The amount of extracted minerals is most often determined either by the direct (through the use of measuring tools and devices) method, or indirectly (calculated according to the content of the extracted mineral in mineral raw materials extracted from the bowels (waste, losses)) by the method. The method used by the taxpayer to determine the amount of extracted minerals is subject to approval in the taxpayer's accounting policy for tax purposes and is used by the taxpayer throughout the entire mineral extraction activity.
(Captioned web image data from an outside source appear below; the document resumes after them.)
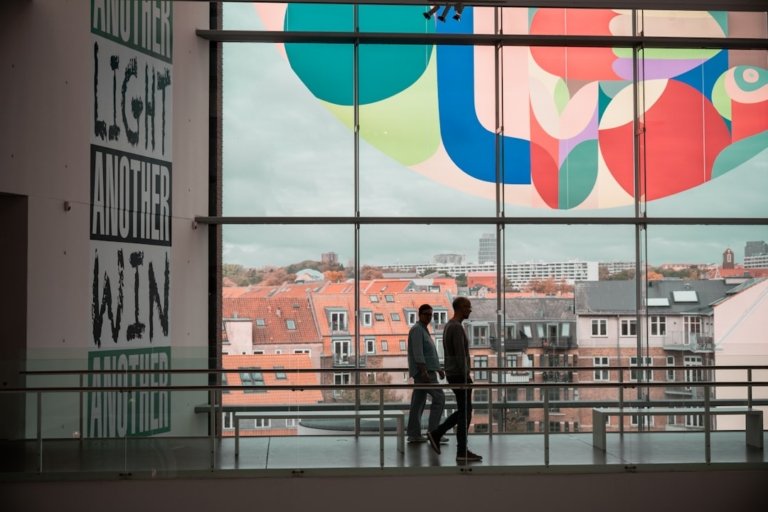 Brendan Barrys Handgebaute Kamera Eine Reise durch die Essenz der Fotografie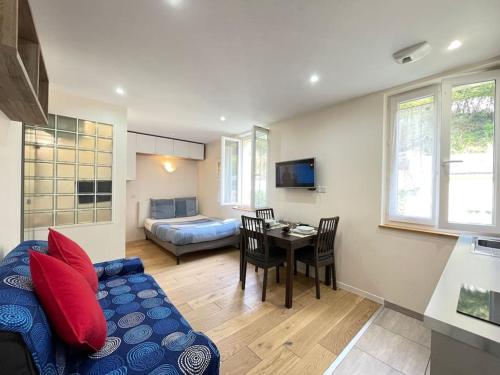 a living room with a couch and a dining room at Appart Jouy N4 proche HEC Rer C in Jouy-en-Josas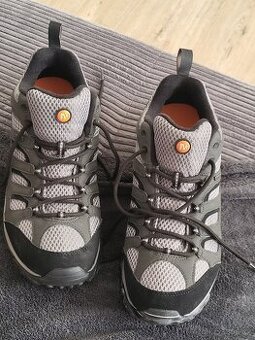 Boty zn.Merrell vel.44,5 EUR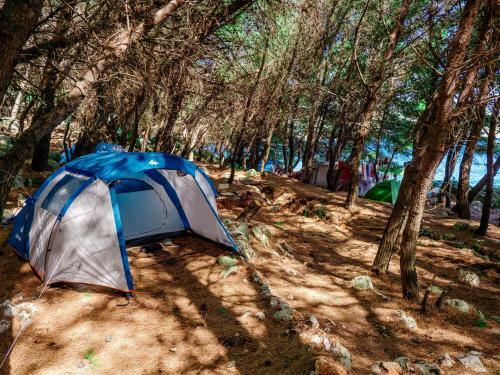 The Sea Cave Camping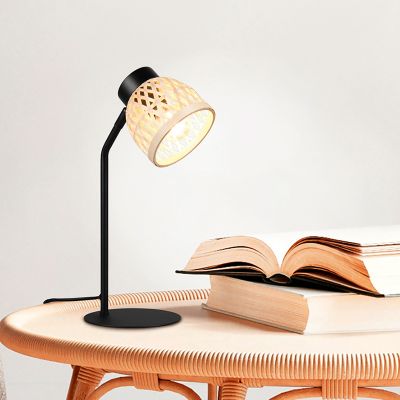 Lampada da tavolo in rattan marrone, Laut, con interruttore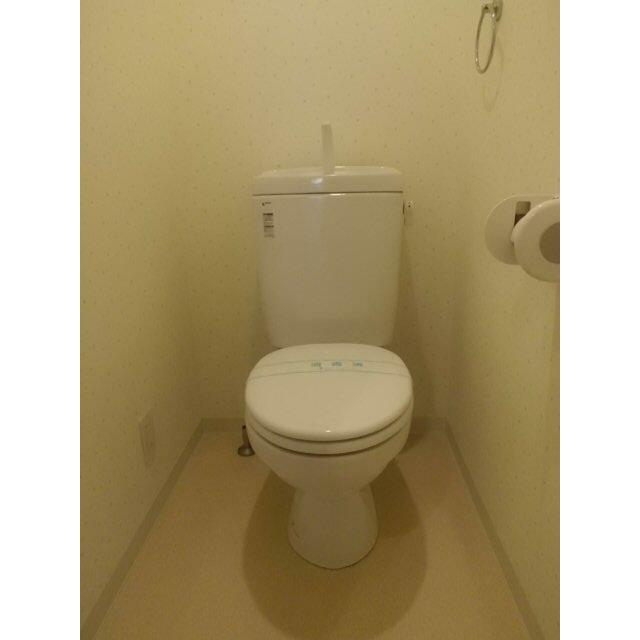 ハピネス西日暮里のトイレ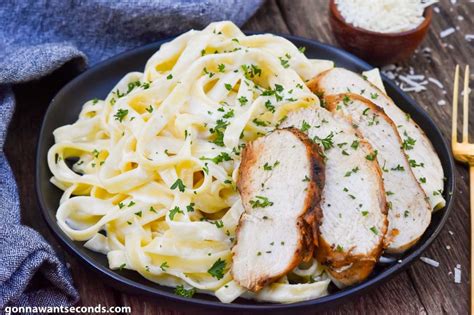 Olive Garden Chicken Alfredo - {Copycat Recipe} Gonna Want Seconds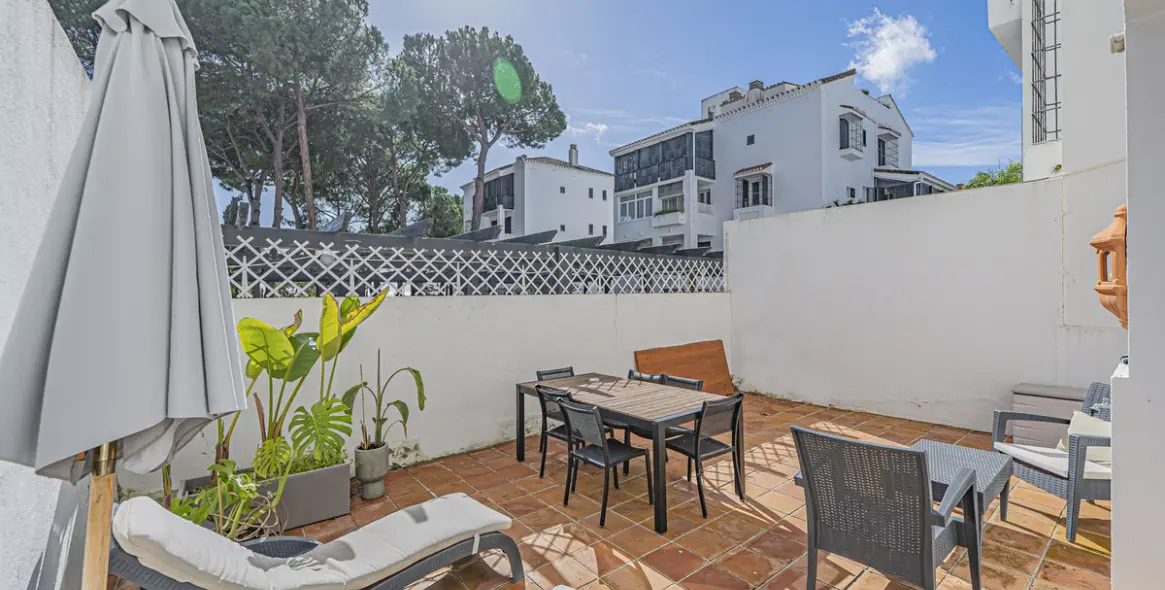 Sale of ground floor apartment in Elviria 15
The method for determining the amount of extracted minerals , approved by the taxpayer, is subject to change only if changes are made to the technical design for the development of a mineral deposit in connection with a change in the technology used for the extraction of mineral resources . In practice, taxpayers are often mistaken in the chosen method. For example, in ore mining, scales can measure not the ore itself, but the product of its redistribution. This method of determining the amount of mineral is more correctly called indirect, although it is often referred to as direct only on the basis that a measuring device was used to determine it.
The tax base is determined separately for each type of extracted mineral .
The valuation of the extracted minerals is determined by the taxpayer independently.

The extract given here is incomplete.